As part of that checking, one thing they checked was whether these scenarios would be some kind of huge break from existing trends, which I do think is a hard thing to do
Is it? See titotal’s six-stories section. If you’re choosing which function to fit, with a bunch of free parameters you set manually, it seems pretty trivial to come up with a “trend” that would fit any model you have.
Counterpoint: the METR agency-horizon doubling trend. It has its issues, but I think “the point at which an AI could complete a year-long software-engineering/DL research project” is a reasonable cutoff point for “AI R&D is automated”, and it seems to be the kind of non-overly-fine-tuned model with non-epsilon empirical backing that I’m talking about, in a way AI 2027 graphs are not.
I think the METR horizon doubling trend stuff doesn’t stand on its own, and it’s really not many datapoints.
I also really don’t think, without a huge number of assumptions, that “the point at which an AI could complete a year-long software-engineering/DL research project” is a good proxy for “AI R&D automation”, and indeed I want to avoid exactly that kind of sleight of hand. It only makes sense to someone who has a much more complicated worldview about how general AI is likely to be, how much the tasks METR measured are likely to generalize, and many other components. What it does make sense for is as a sanity-check on that broader worldview.
I think the METR horizon doubling trend stuff doesn’t stand on its own, and it’s really not many datapoints.
It’s less about the datapoints and more about the methodology.
I also really don’t think, without a huge number of assumptions, that “the point at which an AI could complete a year-long software-engineering/DL research project” is a good proxy for “AI R&D automation”
Fair, I very much agree. But my point here is that the METR benchmark works as some additional technical/empirical evidence towards some hypotheses over others, evidence that’s derived independently from one’s intuitions, in a way that more fine-tuned graphs don’t work.
Those two things sound extremely similar to me, I would appreciate some explanation/pointer to why they seem quite different.
Current guess: Is the idea that automation includes also a lot of (a) management, and (b) research taste in choosing projects, such that being able to complete a year-long project is only a lower-bound, not a central target?
Yeah, I mean, the task distribution is just hugely different. When METR measures software-developing tasks, they mean things in the reference class of well-specified tasks with tests basically already written.
As a concrete example, if you just use a random other distribution of tasks for horizon length as your base, like forecasting performance for unit of time, or writing per unit of time, or graphic design per unit of time, you get extremely drastically different time horizon curves.

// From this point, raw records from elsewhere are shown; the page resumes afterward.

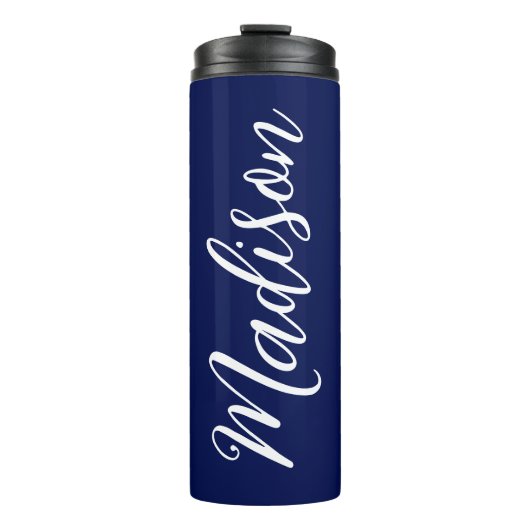 Chic Navy Personalisierter Name in White Script Thermosbecher (Vorderseite)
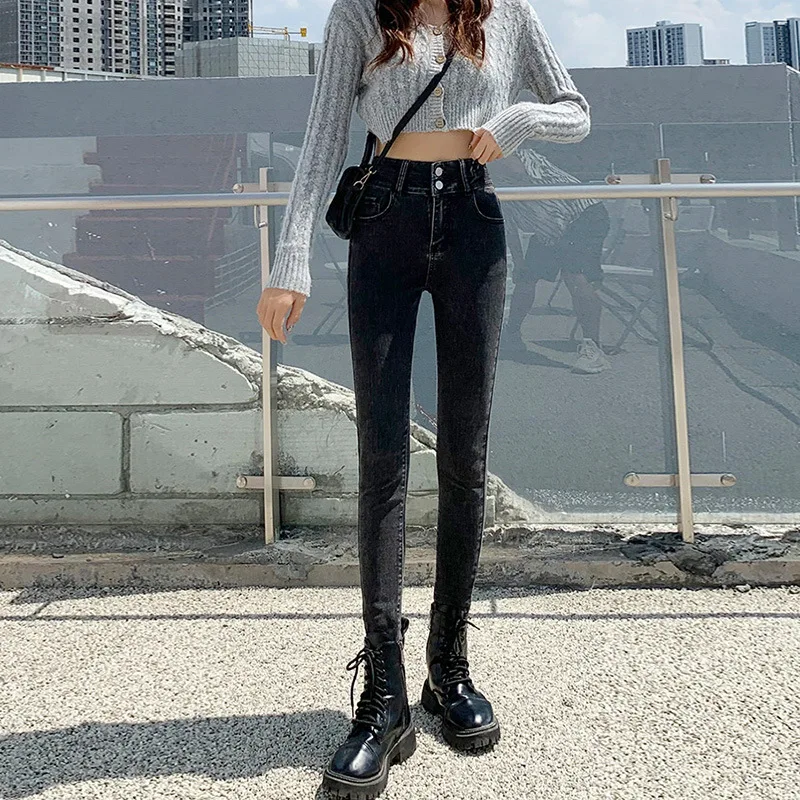 High Waist Jeans Women Cultivate One's Morality Show Thin Joker 2023 New Summer Feet Pants Tight Stretch A Pencil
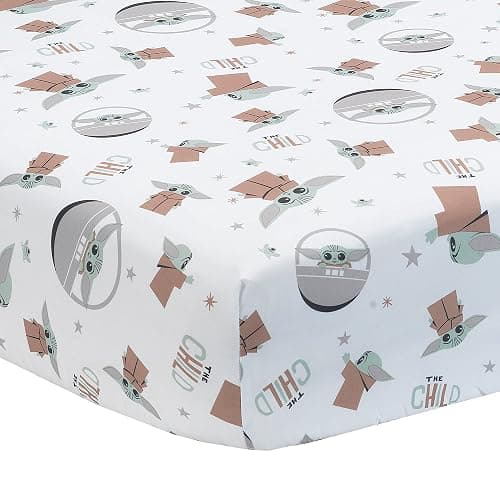 Lambs & Ivy Star Wars Mandalorian The Child/Baby Yoda/Grogu Fitted Crib Sheet - Image 1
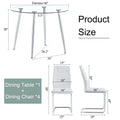 Table And Chair Set. 1 Table 4 Chairs Set A Circular Dining Table With A 40 Inch Diameter Glass Tabletop And Electroplated Metal Legs. 4 White Pu Chairs Dt 1164 001 Transparent Seats 4 Glass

This doesn’t make METR’s curves unreasonable as a basis, but you really need a lot of assumptions to get you from “these curves intersect one year here” to “the same year we will get ~fully automated AI R&D” (and indeed I would not currently believe the latter).
I don’t know the details of all of these task distributions, but clearly these are not remotely sampled uniformly from the set of all tasks necessary to automate AI R&D?
Yes, in particular the concern about benchmark tasks being well-specified remains. We’ll need both more data (probably collected from AI R&D tasks in the wild) and more modeling to get a forecast for overall speedup.
However, I do think if we have a wide enough distribution of tasks, AIs outperform humans on all of them at task lengths that should imply humans spend 1/10th the labor, but AI R&D has not been automated yet, something strange needs to be happening. So looking at different benchmarks is partial progress towards understanding the gap between long time horizons on METR’s task set and actual AI R&D uplift.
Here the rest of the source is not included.